> [Task brief]: In your copy of the data below, reproduce every entry exactly and omit the pictures.

> [Dataset records]:
====

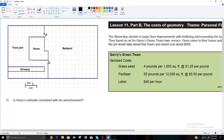If we go from here to here and count, it looks like it's 13 squares this way. Remember, 13 squares at 10 feet per square is 130 feet from here to here. So the width of this yard is 130 feet.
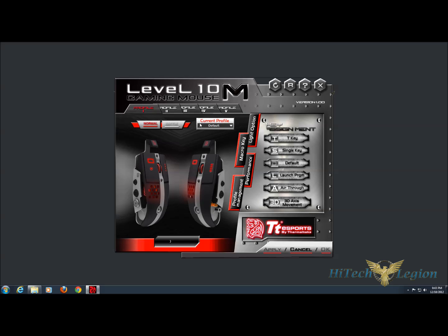This has been an overview of the Level 10M gaming mouse software. For the full review, please see www.hitechlegion.com. And don't forget to subscribe to our YouTube, Facebook, Twitter, as well as check out the video overview of the mouse itself. Take care.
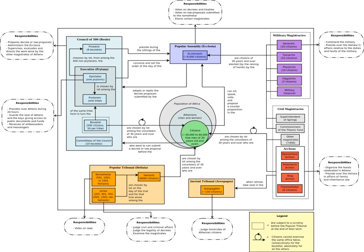The Ekklesia elected by lot annually the boule or council. Some of their power under Solon was delegated to the court by Pericles in his reforms.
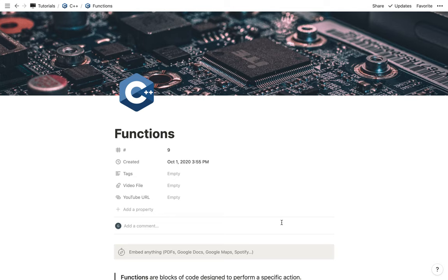So in this video, what we're going to be doing is taking a quick look at functions in C++.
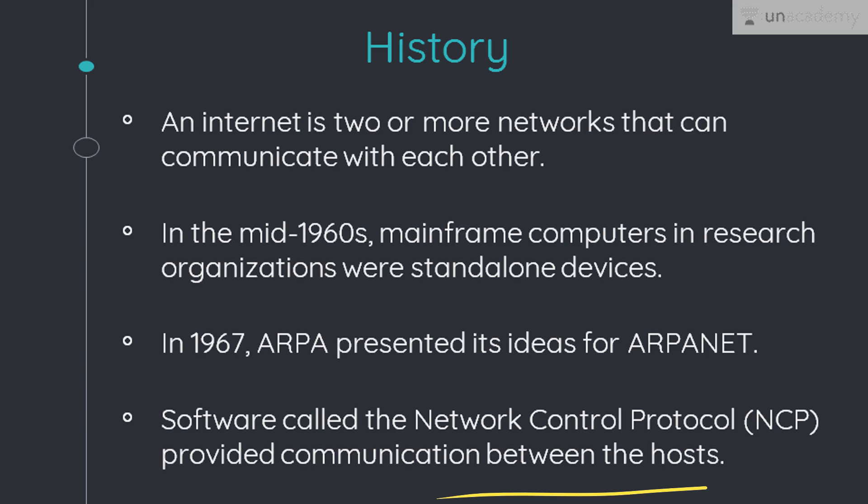Then in 1972, Vint Cerf and Bob Kahn, both part of the core ARPANET group, collaborated on what they called the Internetting Project. In their paper, they outlined the protocols to achieve end-to-end delivery of packets. This paper on Transmission Control Protocol (TCP) included concepts such as encapsulation, the datagram, and the functions of a gateway. Shortly thereafter, authorities made a decision to split TCP into two protocols: TCP — the Transmission Control Protocol — and the Internetworking Protocol, also known as IP. IP would handle datagram routing, while TCP would be responsible for high-level functions such as segmentation, reassembly, and error detection. This became known as the TCP/IP protocol, which we will be learning about in detail in future courses.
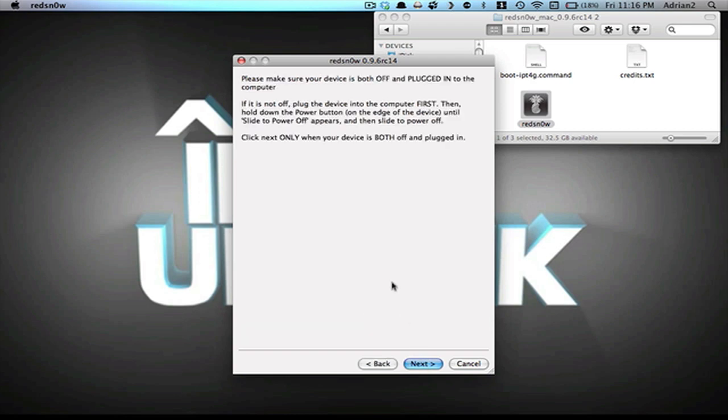This I will not be able to show you. Basically, what you're going to do is turn off your phone, and then follow the steps on the next page. What will happen is, once it successfully works, it will take around five minutes, and it will flash images on your device and everything, and when it's done, your device will boot up, and it will have an app called Cydia.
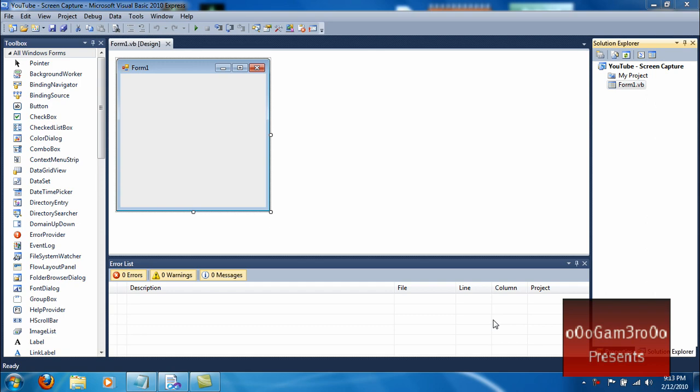Hi YouTube, today I'm going to show you how to make a screen capture program in Visual Basic 2010. I prefer 2010. Alright, let's get started.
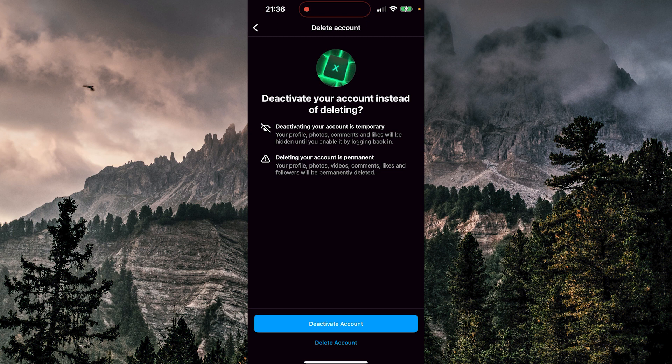And for deleting, deleting your account is permanent. We don't want to do that. We just want to deactivate it. So we're going to click there. Deactivate.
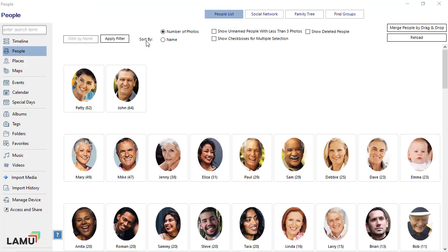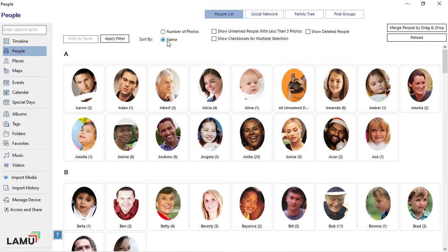By default, the face groups in People view are sorted by the number of photos in descending order. This works well when you first start naming people, to make sure those with the most photos get named first. After you have named many of the face groups, you may find sorting the people list by name more convenient for finding people. To sort by name, simply click on the Name radio button under Sort By. This preference is automatically saved, so the next time you open the People view, the list will be sorted by name.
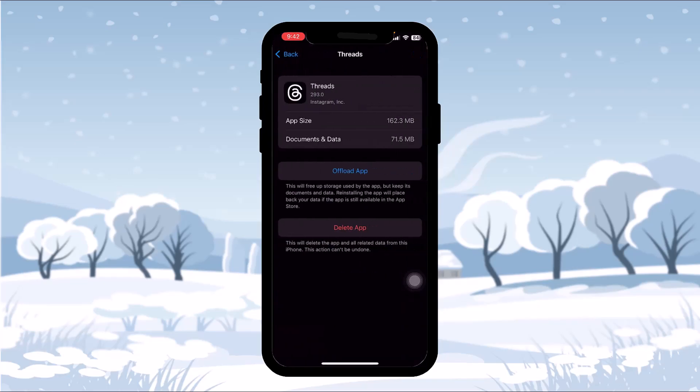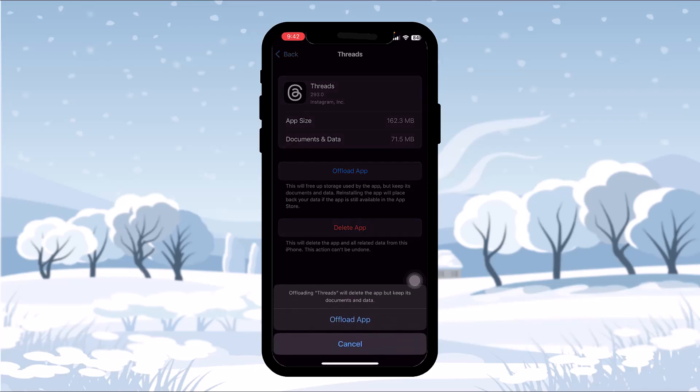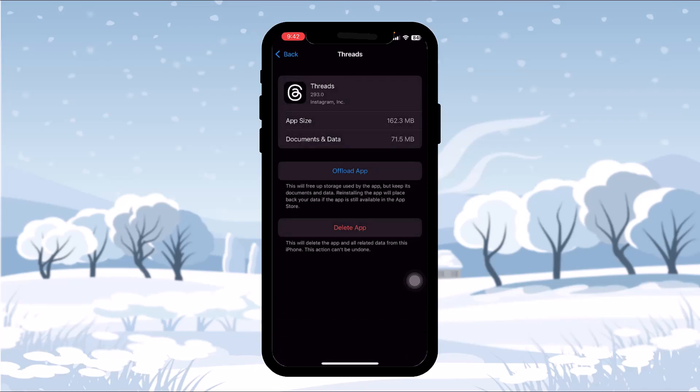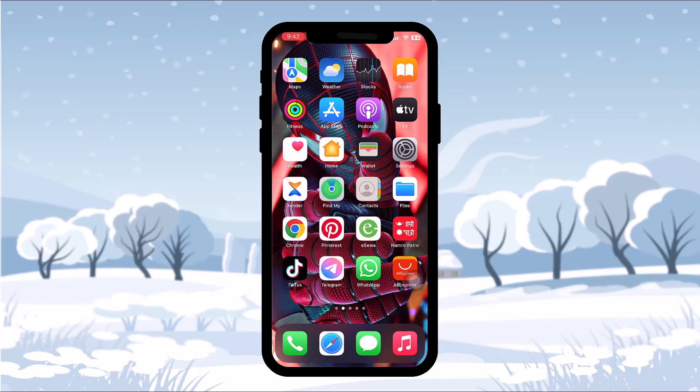Tap on Threads and you'll get two options: Offload App and Delete App. Simply tap on Offload App and confirm to begin the process. What it does is clear all the caches and fix bugs present in Threads that might be causing your issue. Once the process is complete, you'll see an option to reinstall the app — tap on that.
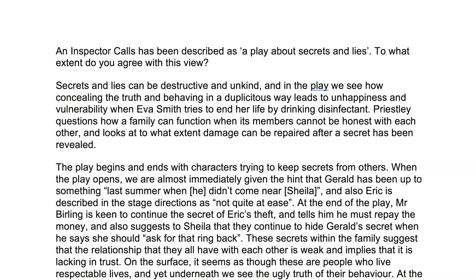Here's a nice introduction, and it presents essentially the line of argument the full answer is going to follow. You don't get specific marks for your introduction, but it's good to have a brief opening statement which essentially says this is the line of argument, this is the hypothesis that I'm going to explore in my answer. I like the way that this introduction references Priestley, making it very clear early on that this is not a group of real people but they are characters, and that the playwright J.B. Priestley is using them to ask questions.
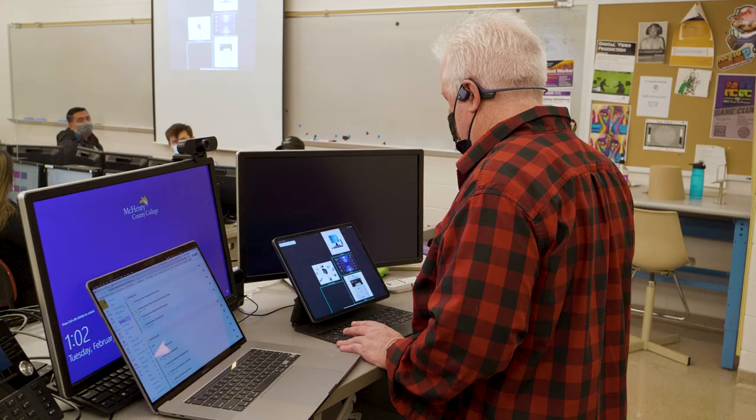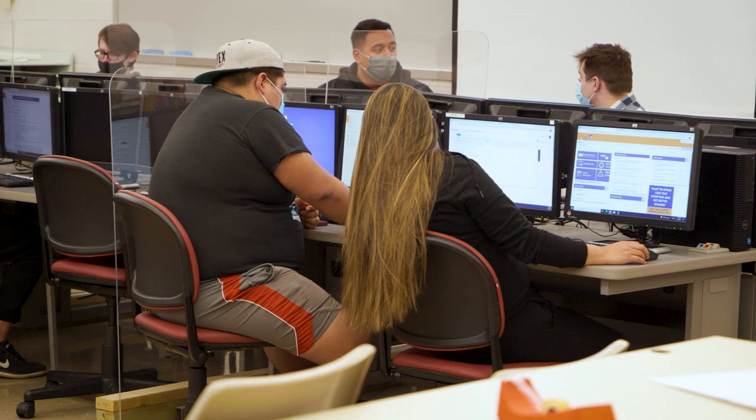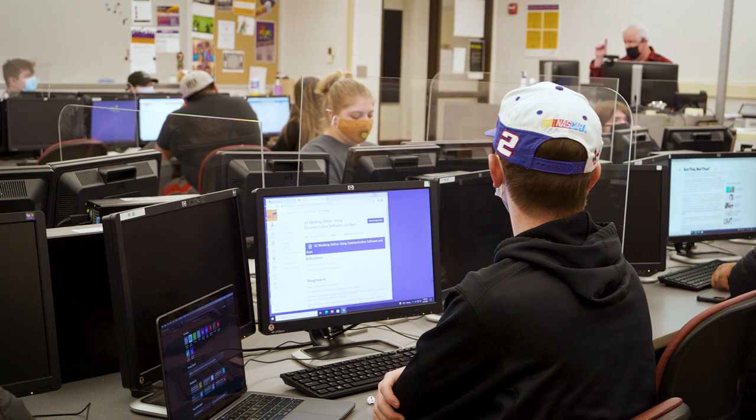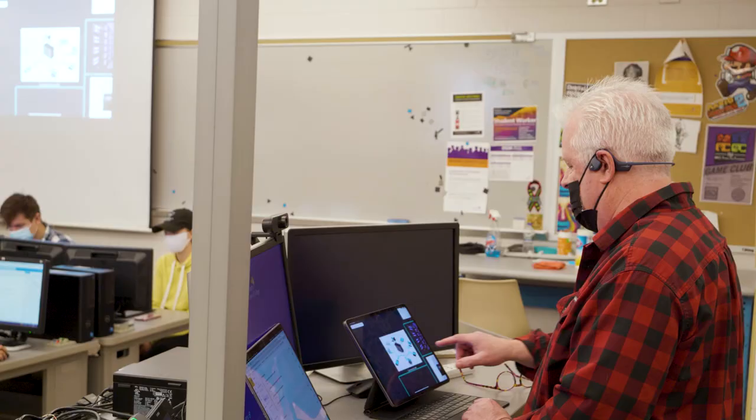The classroom layout is a little different from what you'd normally see. We're trying to simulate a real-world environment that encourages collaboration. So our desks are set up to allow our students to interact, to walk around, to talk to each other.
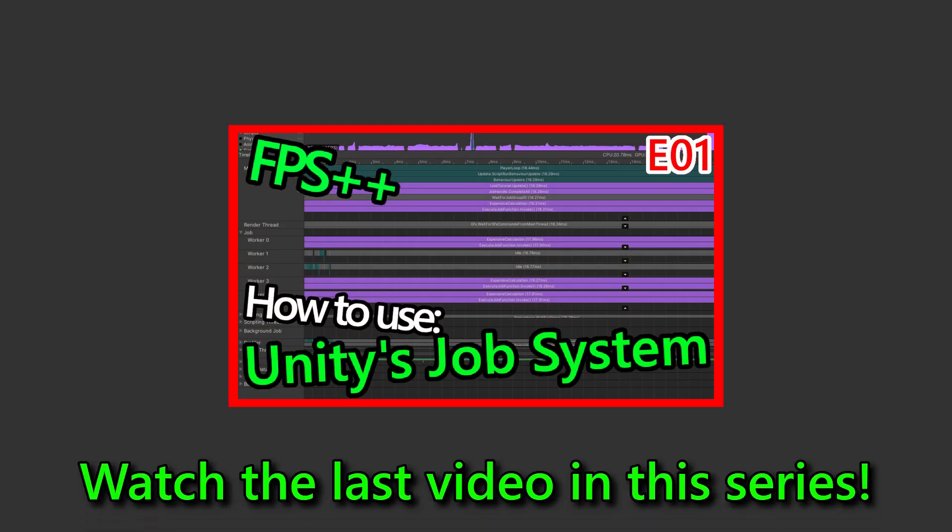If you haven't seen the last video in this series, click the card on the top right to watch it. Other than that, enjoy the video.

====

> [Output of the exercise]:
If we go from here to here and count, it looks like it's 13 squares this way. Remember, 13 squares at 10 feet per square is 130 feet from here to here. So the width of this yard is 130 feet.
This has been an overview of the Level 10M gaming mouse software. For the full review, please see www.hitechlegion.com. And don't forget to subscribe to our YouTube, Facebook, Twitter, as well as check out the video overview of the mouse itself. Take care.
The Ekklesia elected by lot annually the boule or council. Some of their power under Solon was delegated to the court by Pericles in his reforms.
So in this video, what we're going to be doing is taking a quick look at functions in C++.
Then in 1972, Vint Cerf and Bob Kahn, both part of the core ARPANET group, collaborated on what they called the Internetting Project. In their paper, they outlined the protocols to achieve end-to-end delivery of packets. This paper on Transmission Control Protocol (TCP) included concepts such as encapsulation, the datagram, and the functions of a gateway. Shortly thereafter, authorities made a decision to split TCP into two protocols: TCP — the Transmission Control Protocol — and the Internetworking Protocol, also known as IP. IP would handle datagram routing, while TCP would be responsible for high-level functions such as segmentation, reassembly, and error detection. This became known as the TCP/IP protocol, which we will be learning about in detail in future courses.
This I will not be able to show you. Basically, what you're going to do is turn off your phone, and then follow the steps on the next page. What will happen is, once it successfully works, it will take around five minutes, and it will flash images on your device and everything, and when it's done, your device will boot up, and it will have an app called Cydia.
Hi YouTube, today I'm going to show you how to make a screen capture program in Visual Basic 2010. I prefer 2010. Alright, let's get started.
And for deleting, deleting your account is permanent. We don't want to do that. We just want to deactivate it. So we're going to click there. Deactivate.
By default, the face groups in People view are sorted by the number of photos in descending order. This works well when you first start naming people, to make sure those with the most photos get named first. After you have named many of the face groups, you may find sorting the people list by name more convenient for finding people. To sort by name, simply click on the Name radio button under Sort By. This preference is automatically saved, so the next time you open the People view, the list will be sorted by name.
Tap on Threads and you'll get two options: Offload App and Delete App. Simply tap on Offload App and confirm to begin the process. What it does is clear all the caches and fix bugs present in Threads that might be causing your issue. Once the process is complete, you'll see an option to reinstall the app — tap on that.
Here's a nice introduction, and it presents essentially the line of argument the full answer is going to follow. You don't get specific marks for your introduction, but it's good to have a brief opening statement which essentially says this is the line of argument, this is the hypothesis that I'm going to explore in my answer. I like the way that this introduction references Priestley, making it very clear early on that this is not a group of real people but they are characters, and that the playwright J.B. Priestley is using them to ask questions.
The classroom layout is a little different from what you'd normally see. We're trying to simulate a real-world environment that encourages collaboration. So our desks are set up to allow our students to interact, to walk around, to talk to each other.
If you haven't seen the last video in this series, click the card on the top right to watch it. Other than that, enjoy the video.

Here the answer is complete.